Liu Xiaoming, Maxwell Taylor J, Boerwinkle Eric, Fu Yun-Xin
Human Genetics Center, School of Public Health, The University of Texas Health Science Center at Houston, TX, USA.
Mol Biol Evol. 2009 Jul;26(7):1479-90. doi: 10.1093/molbev/msp059. Epub 2009 Mar 24.

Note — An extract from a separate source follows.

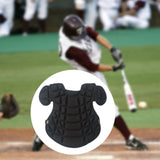 Catcher Chest Protector Softball Outdoors Team Sports Chest Guard Adjustable for Adults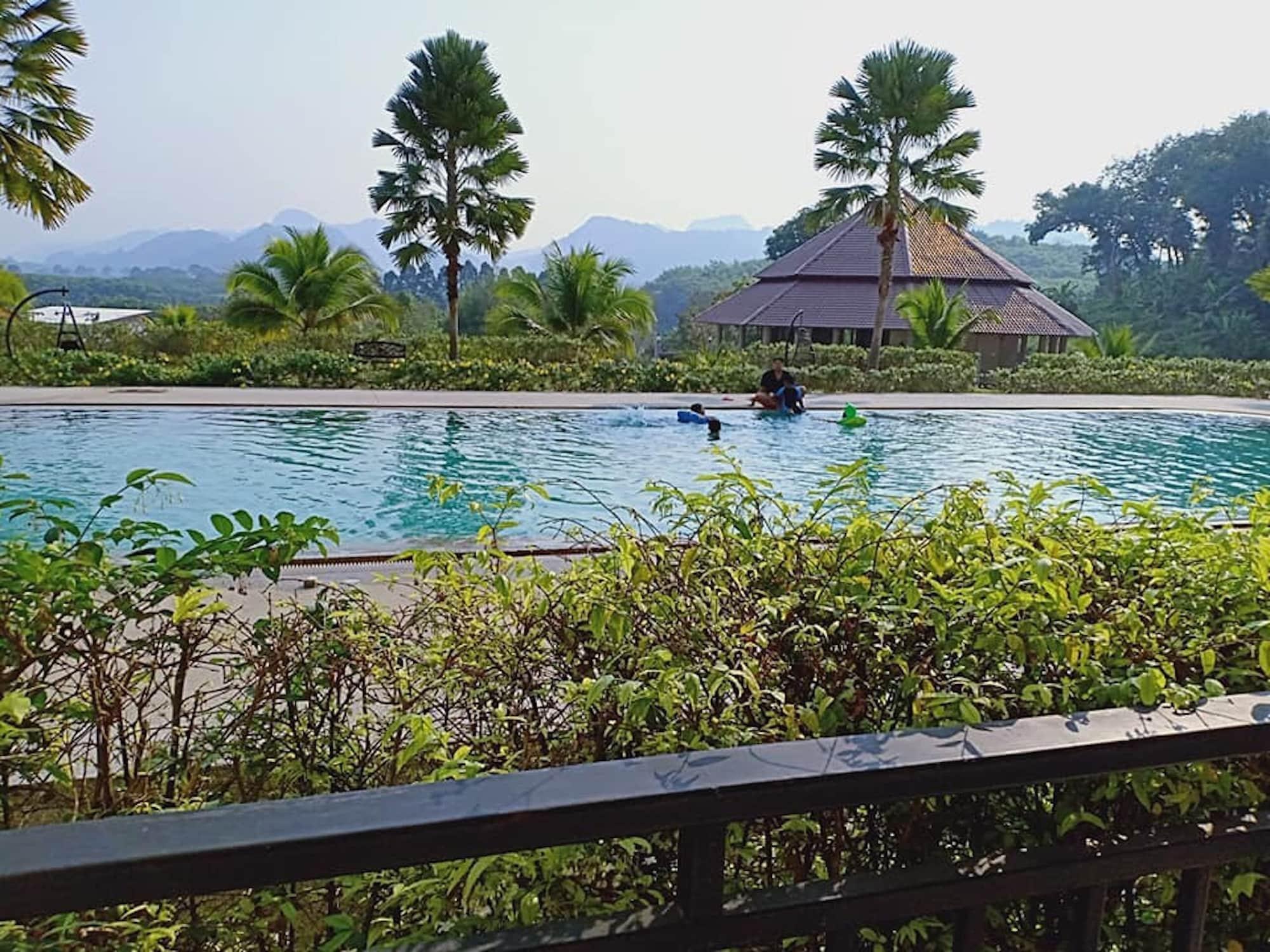 Bed and Breakfast Takhun Mountain View Ban Tha Khun Exteriér fotografie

One challenge of analyzing samples of DNA sequences is to account for the nonnegligible polymorphisms produced by error when the sequencing error rate is high or the sample size is large. Specifically, those artificial sequence variations will bias the observed single nucleotide polymorphism (SNP) frequency spectrum, which in turn may further bias the estimators of the population mutation rate theta =4N mu for diploids. In this paper, we propose a new approach based on the generalized least squares (GLS) method to estimate theta, given a SNP frequency spectrum in a random sample of DNA sequences from a population. With this approach, error rate epsilon can be either known or unknown. In the latter case, epsilon can be estimated given an estimation of theta. Using coalescent simulation, we compared our estimators with other estimators of theta. The results showed that the GLS estimators are more efficient than other theta estimators with error, and the estimation of epsilon is usable in practice when the theta per bp is small. We demonstrate the application of the estimators with 10-kb noncoding region sequence sampled from a human population and provide suggestions for choosing theta estimators with error.
分析DNA序列样本的一个挑战是,当测序错误率较高或样本量较大时,要考虑由错误产生的不可忽略的多态性。具体而言,那些人为的序列变异会使观察到的单核苷酸多态性(SNP)频率谱产生偏差,这反过来可能会进一步使二倍体群体突变率θ = 4Nμ的估计值产生偏差。在本文中,给定来自一个群体的DNA序列随机样本中的SNP频率谱,我们提出了一种基于广义最小二乘法(GLS)来估计θ的新方法。使用这种方法时,错误率ε可以是已知的,也可以是未知的。在后一种情况下,给定θ的估计值时可以估计ε。通过合并模拟,我们将我们的估计值与其他θ估计值进行了比较。结果表明,GLS估计值比其他带误差的θ估计值更有效,并且当每碱基对的θ较小时,ε的估计在实际中是可行的。我们展示了从人类群体中采样的10kb非编码区序列估计值的应用,并为选择带误差的θ估计值提供了建议。